*** Opening GIVEN ENTRIES ***

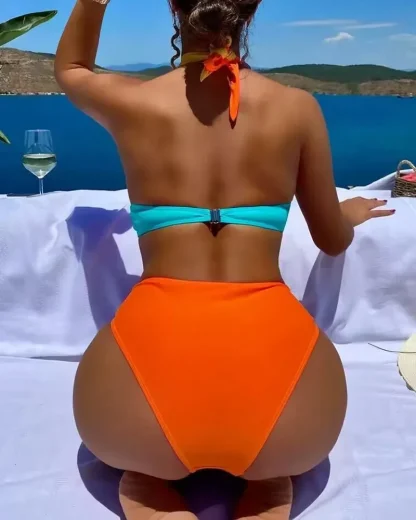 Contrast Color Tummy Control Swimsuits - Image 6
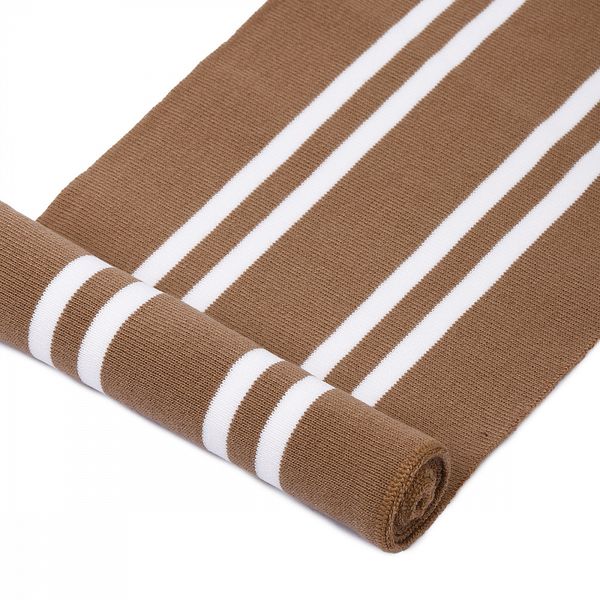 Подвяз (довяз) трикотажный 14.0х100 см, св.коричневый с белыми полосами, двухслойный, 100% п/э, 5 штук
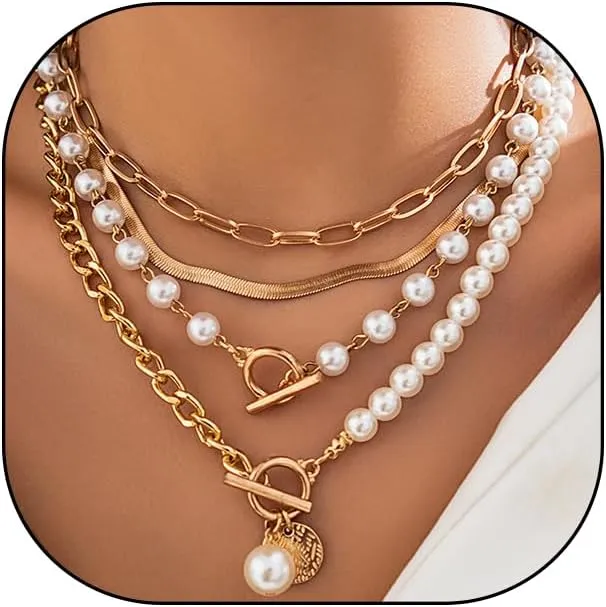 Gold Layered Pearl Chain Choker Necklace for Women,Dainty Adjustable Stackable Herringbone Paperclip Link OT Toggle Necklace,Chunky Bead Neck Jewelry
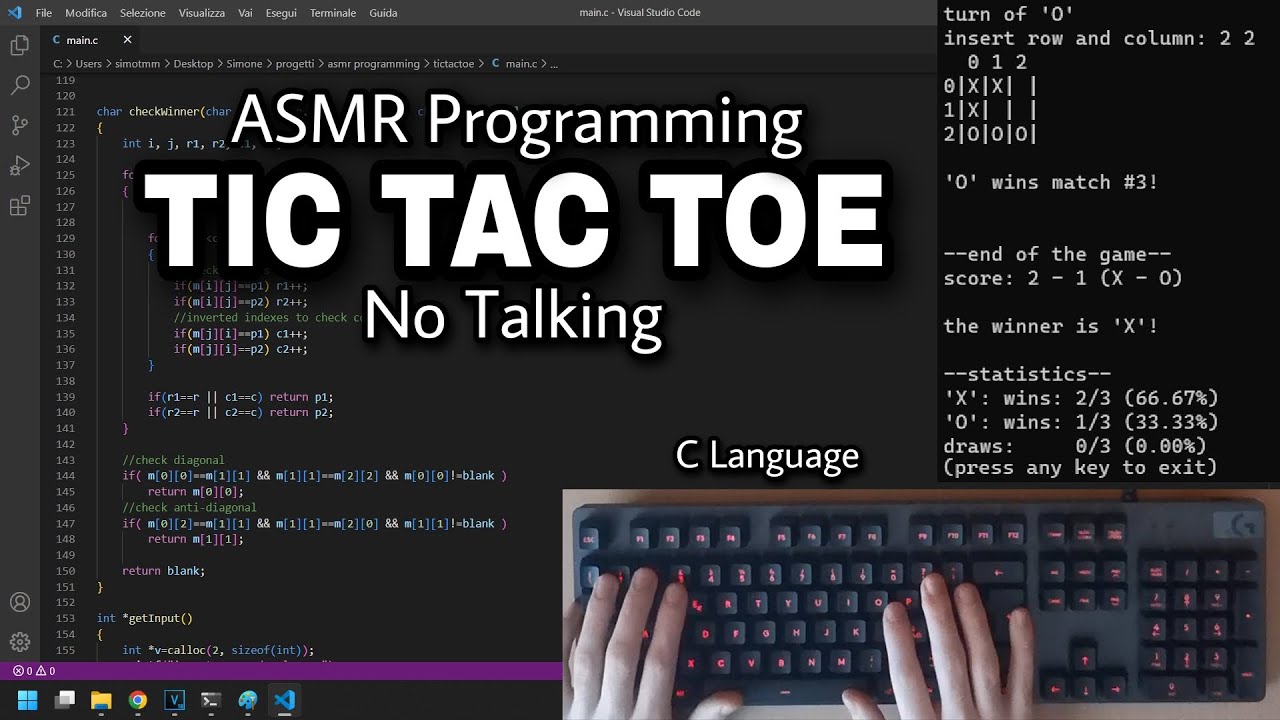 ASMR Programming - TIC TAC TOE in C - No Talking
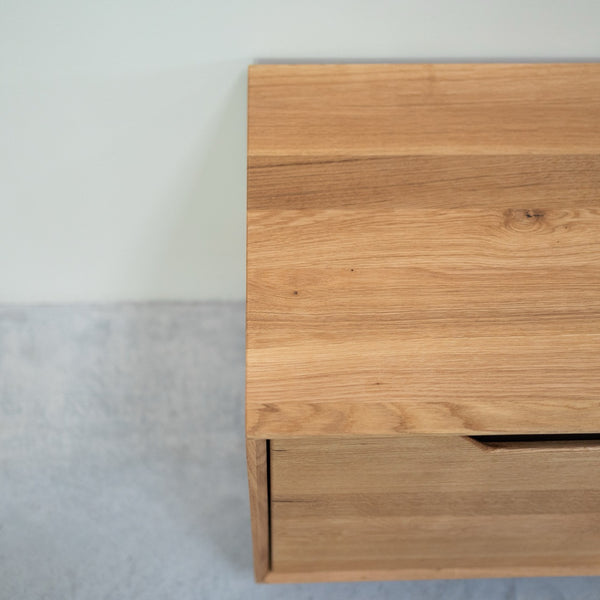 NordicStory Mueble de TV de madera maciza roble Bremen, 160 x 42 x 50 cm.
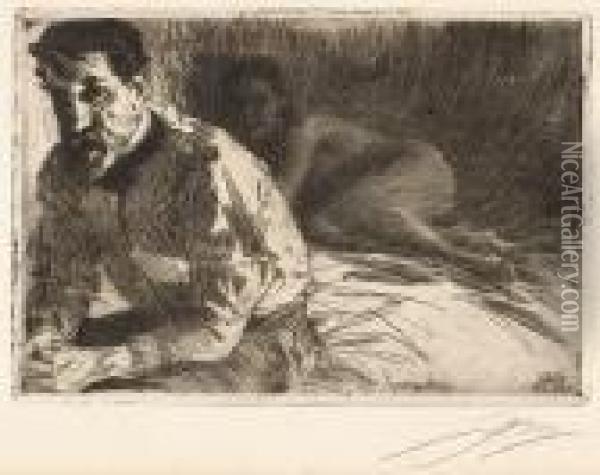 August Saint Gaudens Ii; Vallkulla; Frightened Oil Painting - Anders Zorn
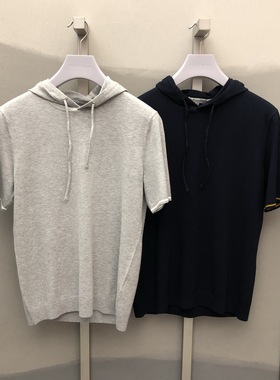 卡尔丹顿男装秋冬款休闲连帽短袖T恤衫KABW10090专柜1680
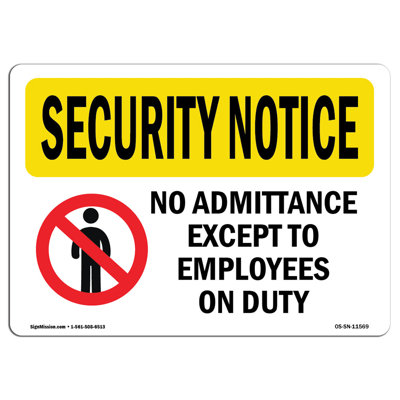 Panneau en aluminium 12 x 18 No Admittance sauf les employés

*** Closing GIVEN ENTRIES ***

■ **TASK DETAILS**:
The answer consists solely of the lines from the one holding "August Saint Gaudens" through the final line of the records, both ends included, each duplicated exactly. Leave images out.

■ **RESULT OF THIS EXERCISE**:
 August Saint Gaudens Ii; Vallkulla; Frightened Oil Painting - Anders Zorn
 卡尔丹顿男装秋冬款休闲连帽短袖T恤衫KABW10090专柜1680
 Panneau en aluminium 12 x 18 No Admittance sauf les employés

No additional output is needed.